各メーカーの論評では、今のトヨタの経営陣に批判的なのが印象に残る。

わたしの小説『トヨトミの野望』では、莫大な広告スポンサーでもある巨大自動車企業の『トヨトミ自動車』を「忖度」して、トヨトミのマイナスになることを大メディアが報じないシーンを描いたが、本書では、ふだん全国紙や経済紙で読んだこともない、トヨタ内部で起きている「地殻変動」を目の当たりにする。

安全管理が厳しいはずのトヨタの本社地区に火災が発生して入社式が遅れたとか、最新鋭の工場が大火事になった原因がダクトの定期的な清掃を怠ったことだとか、豊田章男社長の意向を忖度したのか、かつて社長の「教育係」だった年長の相談役が副社長に返り咲くなど摩訶不思議な役員人事がおこなわれたり、意思決定が遅れていることなど、如実に語られている。

ネガティブな話ばかりではない。トヨタと提携したマツダの戦略の成功は、暗い話題が多い日本の産業界にあって、貴重なひとつの光明だ。10年ほど前まで経営危機に陥っていたマツダがなぜ、「スカイアクティブエンジン」を世に送り出すことができ、その後もヒット車を連発して復活できたのか、関係者たちへの綿密な取材によって、その「秘密」に迫っている。企業再生のケーススタディーとして読むことができるだろう。

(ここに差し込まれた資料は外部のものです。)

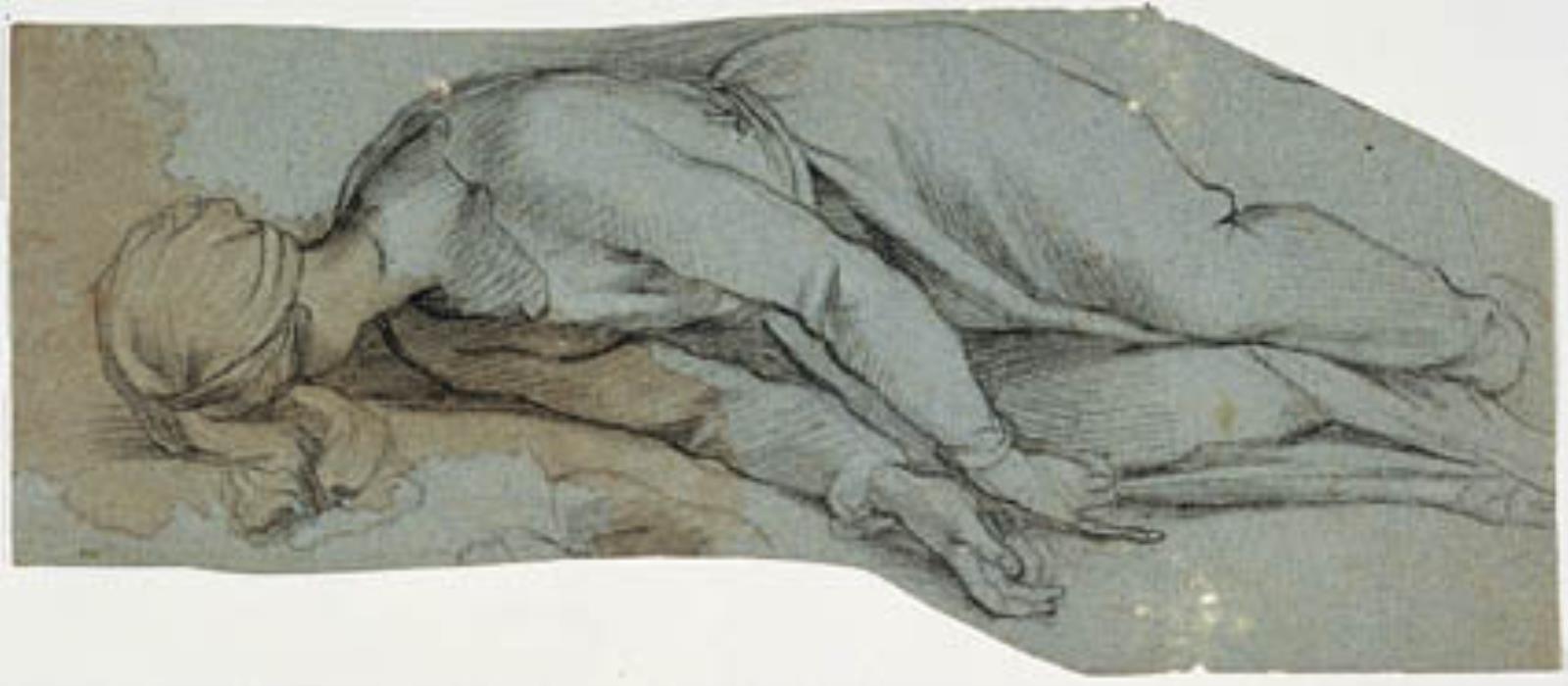 Francesco Vanni, Skt. Cecilie, efter Madernos skulptur i Sta Cecilia i Trastevere, Rom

『トヨトミの野望』は、日本の自動車企業が世界一になるまでの、企業内部で葛藤する人間模様を描くことで、その先にある未来を「予言」したフィクションだが、こちらは、100年に一度のパラダイムチェンジが起きている生々しい現場をとらえた、圧倒的なノンフィクションである。

本書は、未来がすでに到来していることを私たちに伝えてくれる。その未来が明るくなるのか、それとも暗いものになるのか、それは本書を読む読者の手に委ねられている。